Lleva un juego de llaves en las manos, pasándose los hierros de una palma a otra con destreza. En ese intercambio de direcciones viaja un teléfono móvil dispuesto a dar las campanadas para convocar a una misa administrativa, salpicando las tablas con una ruptura teatral, si hubiese repicado. Yo estaba tan atento al guía como a ese teléfono. Había desconectado el mío antes de pasar el umbral, para dejar fuera de juego a un artilugio sorprendente que se posiciona en el momento menos esperado. El joven debía ser alguien importante, lo suficientemente autorizado como para llevar ese artefacto a la vista y a punto de vibrar silenciosamente, en el mejor de los casos. Por fin se pronuncia y descubro su acento dulce procedente de alguna región tropical, subtropical más posiblemente. Su rostro y su estilo de vestir ya me habían puesto sobre la pista.

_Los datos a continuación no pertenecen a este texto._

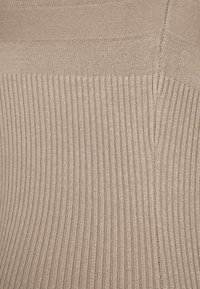 Beige ribbet strikket stoff med en glatt tekstur, med vertikale striper og en sømdetalj. Materialet ser ut til å være strekkbart og fleksibelt.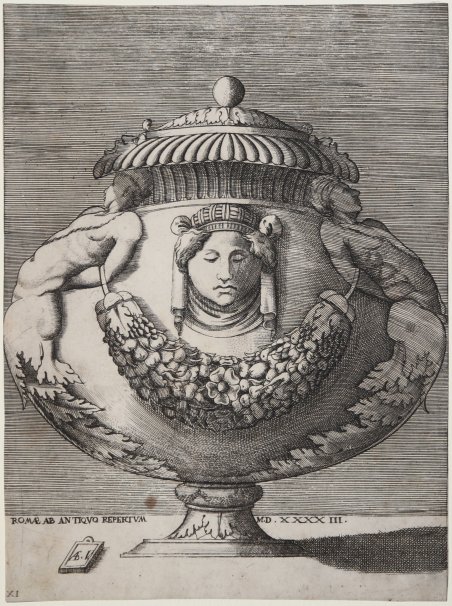 Vaso con maschera e festone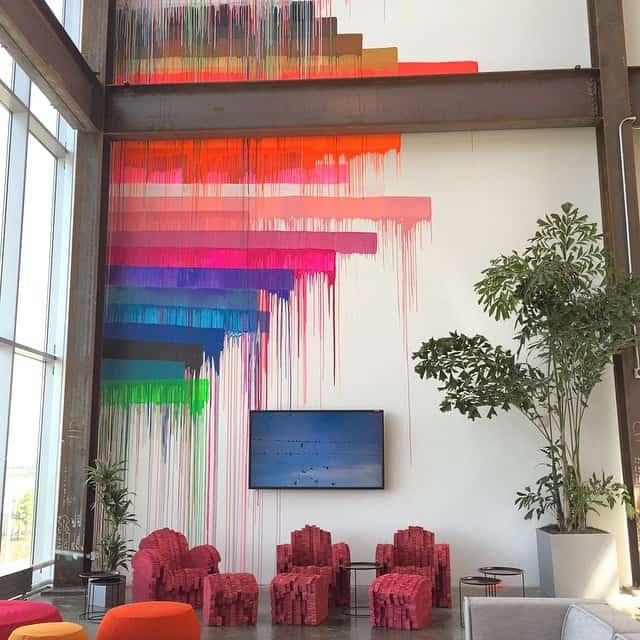 colourful rainbow lines on a white wall of living room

Pensé que podría ser un misionero enviado a Mallorca, un representante de los nuevos tiempos eclesiásticos, de esos clérigos que no se andan con ambages. Medía poco más de metro y medio de altura. Su rostro y su cabello negro cuidado eran demasiado juveniles para el aire de párroco progresista que llevaba. Llegado un momento de dudas, el guía le solicitó argumentación en algunos aspectos intrínsecos del inmueble. No cabían entonces más dudas. Era un encargado de la majestuosa obra, la catedral con más salero que yo hubiera visto jamás.
Me moría de curiosidad. Ese joven nos llevó de la mano subrepticiamente al grupo que participábamos en Blogueando a Cuba. Nos abrió los caminos más recónditos de la iglesia, su entramado doméstico, las bambalinas donde colgaban los trajes del día, el traspatio de la casa que suele estar menos maquillado que la sala. Nos subió al piso intermedio, entablado, donde los turistas no llegan, por encima del altar. Sus puertas se abrieron sin llaves. Y el teléfono portátil no llamaba.
Debido a un enroque de los miembros del grupo, cayó a mi lado. Le lancé la primera pregunta casi en un susurro, con temor de que alguien me detectara.
-¿Eres colombiano?-lo tuteé a quemarropa, porque esa distancia fue la que me inspiró.
-No, soy cubano.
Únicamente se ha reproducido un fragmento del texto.